I’d agree with you Mindie. Dublin is a place to stop for a day or two, to get over the jet lag, and a leisurely look around there will cover most of your top 10 in that time.
After that, get out into the rural Ireland, and sloooow down. (Killarney / Ring of Kerry does not in my view count as rural. A wee bit too ‘Disneyfied’ these days). Get to the Thin Places, and slow down to soak up the stillness, and feel thousands of years of history. Get off the beaten track, sit in a rural cafe or bar and people watch. Go to a local church, wander in the graveyard and look at hundreds of years of history on the headstones. Try and pronounce the names. Observe. Be still.
Dont try to cover 32 counties in a week.
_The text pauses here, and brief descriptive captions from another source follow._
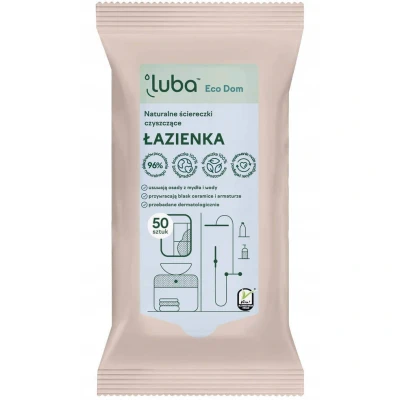 Abbildung von LUBA Eco Haus Reinigungstücher Badezimmer, 50pcs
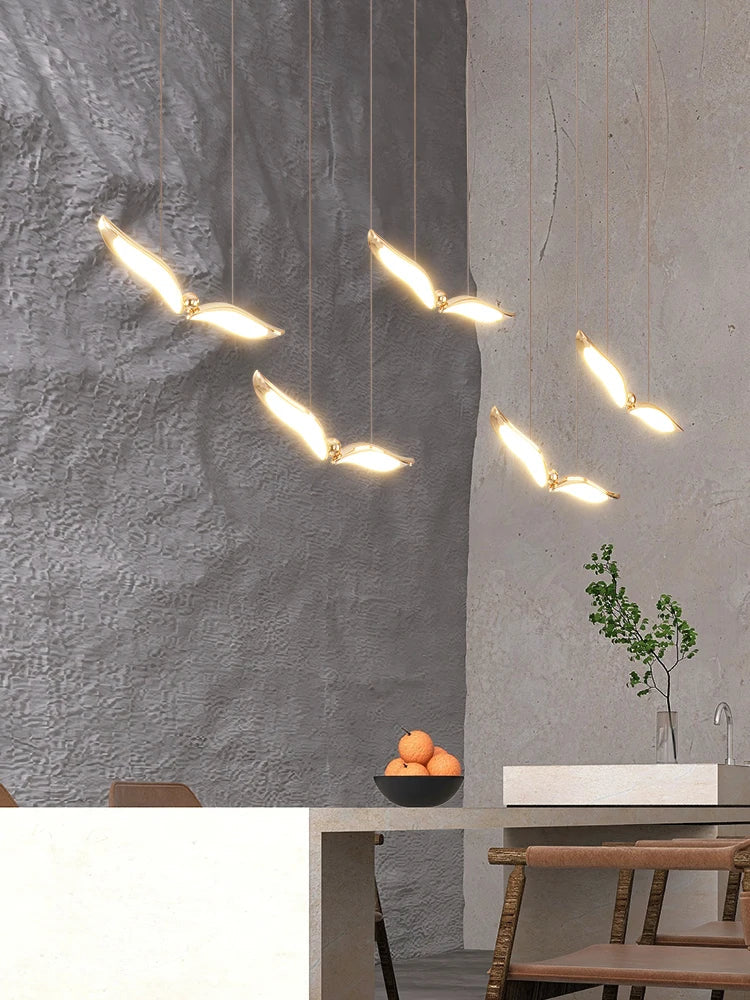 Moderne pendel til en kreativ og minimalistisk atmosfære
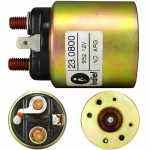 Relé de partida 12V Lucas Indiel Prestolite M74R Clio Mégane R19 - kit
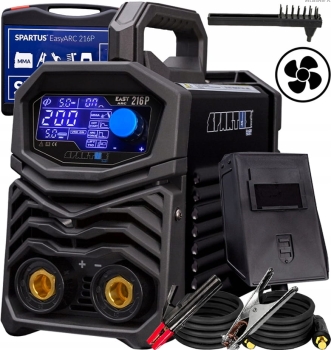 Spawarka inwertorowa MMA Spartus EASYARC 216P Puls 230V 200A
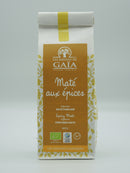 Maté aux épices, 100g, Jardins de Gaïa
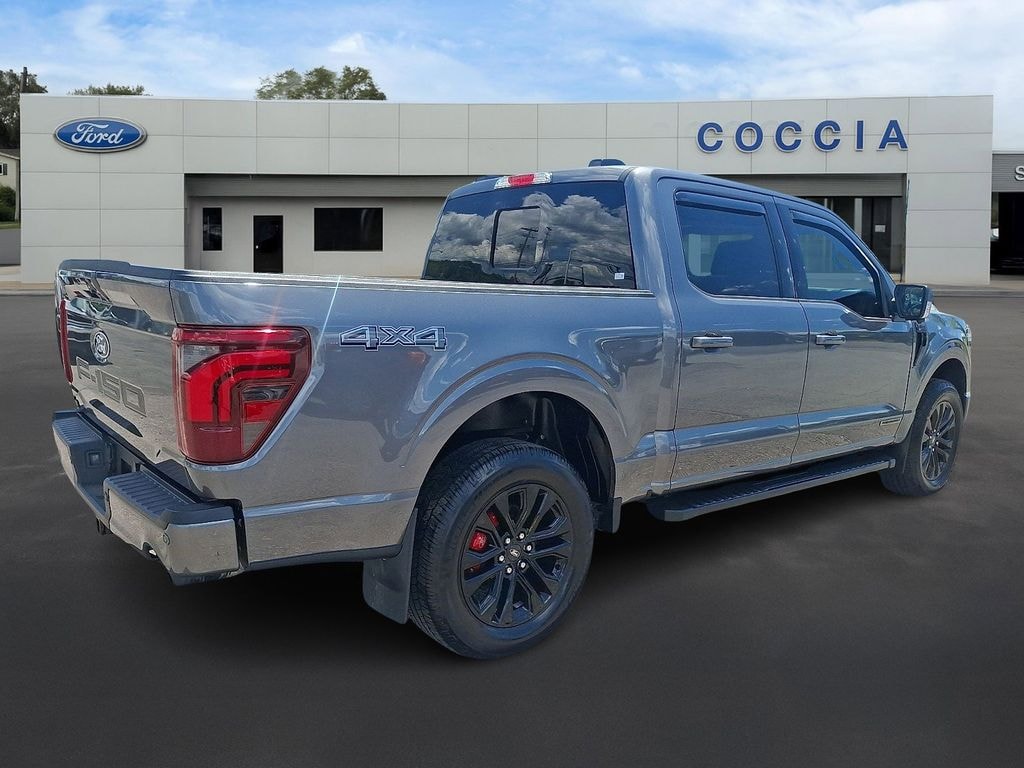 Certified 2025 Ford F-150 Lariat Truck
You’ll see a lot, but miss the essence of Ireland.
As for cities, I’m biased, but Derry and Belfast are far more vibrant, and offer far better value for money too!
Go N-eiri an bothar leat (“May the road rise to meet you”), or more literally “May success be with you”
Awww. Thanks so much Maura. The hidden Ireland is the best. And so many people rush through the country trying to get it all in. And I loved Belfast and am looking forward to staying in Derry for a few days. Thanks for the blessing. 🙂
I’ll be printing this post, Mindie, thanks for the inspiring tips. I’ve long wanted to visit Ireland, must try to get there soon…
Leslie… hope you had a great trip in Ireland. Keep us posted on what you saw.